If you own a variable annuity, no matter the quality of the company that issued the contract, the primary question you should ask is: “What is the best option on my variable annuity for me going forward?”
Those various options generally include:
- • Keeping the annuity as is.
- • Keeping the annuity but changing the investment lineup.
- • Exchanging the VA for a new one with no commissions and lower ongoing fees.
- • Cancelling the contract and getting your money back.
- • Start taking income under a guaranteed rider.
The best answer is not easy to know. The correct answer for you and your situation will require insight from an objective expert that has no vested interest in the outcome. The person who sold the annuity to you in the first place is not objective and should not be the person to consult for an independent review!
If you own an annuity, getting it reviewed will help you to understand the best options for you and your particular contract, and can be dependent upon a number of different factors including:
Better Understanding of the Contract
More than any other financial product, commissions on annuities are among the highest that a salesperson can “earn.” Because of that, some salesmen may intentionally give you the Readers Digest condensed version of the annuities contract rather than a full explanation, or he or she may omit important details and/or overstate possible returns. Getting an objective second opinion will allow you to more clearly understand your particular contract.
Contract Structural Issues
There may be structural issues to the contract such as ownership and beneficiary designations, which might need to be looked at. Some contracts are first to die on a death benefit while some are second to die. Another issue to consider is can the guarantee be continued by a surviving spouse?
If a contract allows for a spousal continuation, the spouse must be the primary beneficiary in order to take advantage of the guarantee. Unfortunately, I’ve encountered a number of cases where people have had estate planning done and changed the primary beneficiary on the accounts, which would not allow the surviving spouse to continue receiving the protection.
Variable annuity contacts have various guarantee riders issued for the policy, all of those at various costs. Based on the investments selected there may be too little growth to pay the fees in which case you may want to look at more growth-oriented positioning of the portfolio to get better value from the guarantees.
If a client is changing investment options, they must make sure that this is an approved investment option and will not disqualify the guarantees. Some contracts require a “model” and if you move out of it would negate the guarantee.

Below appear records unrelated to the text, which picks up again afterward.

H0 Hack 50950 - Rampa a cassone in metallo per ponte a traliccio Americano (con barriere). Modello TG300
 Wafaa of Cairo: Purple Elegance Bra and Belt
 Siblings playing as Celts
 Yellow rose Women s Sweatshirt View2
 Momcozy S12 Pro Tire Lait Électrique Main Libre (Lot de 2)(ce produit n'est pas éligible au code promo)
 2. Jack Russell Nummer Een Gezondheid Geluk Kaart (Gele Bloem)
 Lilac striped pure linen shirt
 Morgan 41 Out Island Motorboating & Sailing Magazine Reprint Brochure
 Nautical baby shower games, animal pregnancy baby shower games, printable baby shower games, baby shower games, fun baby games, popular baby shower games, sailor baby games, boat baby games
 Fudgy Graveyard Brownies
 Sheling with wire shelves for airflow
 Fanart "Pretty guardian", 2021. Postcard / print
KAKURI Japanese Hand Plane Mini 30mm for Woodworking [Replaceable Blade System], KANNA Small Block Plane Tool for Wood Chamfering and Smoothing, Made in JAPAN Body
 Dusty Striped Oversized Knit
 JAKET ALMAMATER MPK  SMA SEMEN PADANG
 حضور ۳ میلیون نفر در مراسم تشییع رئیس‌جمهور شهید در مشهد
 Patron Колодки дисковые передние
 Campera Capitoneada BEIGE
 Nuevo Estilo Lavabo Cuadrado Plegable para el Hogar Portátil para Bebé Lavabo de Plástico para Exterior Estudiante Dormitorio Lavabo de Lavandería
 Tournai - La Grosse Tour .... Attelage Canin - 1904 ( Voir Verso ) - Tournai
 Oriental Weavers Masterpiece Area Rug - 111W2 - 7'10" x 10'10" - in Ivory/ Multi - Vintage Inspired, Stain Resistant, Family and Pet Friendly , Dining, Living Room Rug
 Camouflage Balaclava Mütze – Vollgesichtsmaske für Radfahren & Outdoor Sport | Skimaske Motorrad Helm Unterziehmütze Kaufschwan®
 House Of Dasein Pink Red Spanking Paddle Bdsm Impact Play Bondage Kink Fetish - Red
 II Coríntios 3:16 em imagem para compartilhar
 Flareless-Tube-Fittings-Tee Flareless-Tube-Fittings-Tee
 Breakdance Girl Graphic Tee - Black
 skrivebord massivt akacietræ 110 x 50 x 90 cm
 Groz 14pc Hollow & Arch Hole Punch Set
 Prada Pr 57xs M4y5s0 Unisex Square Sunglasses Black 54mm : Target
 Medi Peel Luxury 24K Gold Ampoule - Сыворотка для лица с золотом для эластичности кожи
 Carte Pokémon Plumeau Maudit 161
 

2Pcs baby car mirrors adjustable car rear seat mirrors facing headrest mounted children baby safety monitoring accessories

Some contracts don’t allow you to go into the most aggressive investments as it would negate the guarantee while others, interestingly, don’t allow you to go into conservative investments like money markets or short-term bond funds. I see both ends of the spectrum there and it varies from contract to contract and company to company.
Due to the complex nature of variable annuities, it may be difficult for an investor to determine the possible tax consequences without the help of a financial professional. For example, and particularly with non-qualified contracts, there can be a significant tax difference between doing a systematic withdrawal versus an annuitization.
If there is no gain, it would be principal first and wouldn’t be taxable so the same contract could have different consequences for someone taking withdrawals. Annuitization has an exclusion ratio. Often income decisions such as distributions may be irrevocable. For qualified retirement accounts such as an IRA, there could be some very valuable tax strategies like Roth conversions that can provide additional value on the guarantees.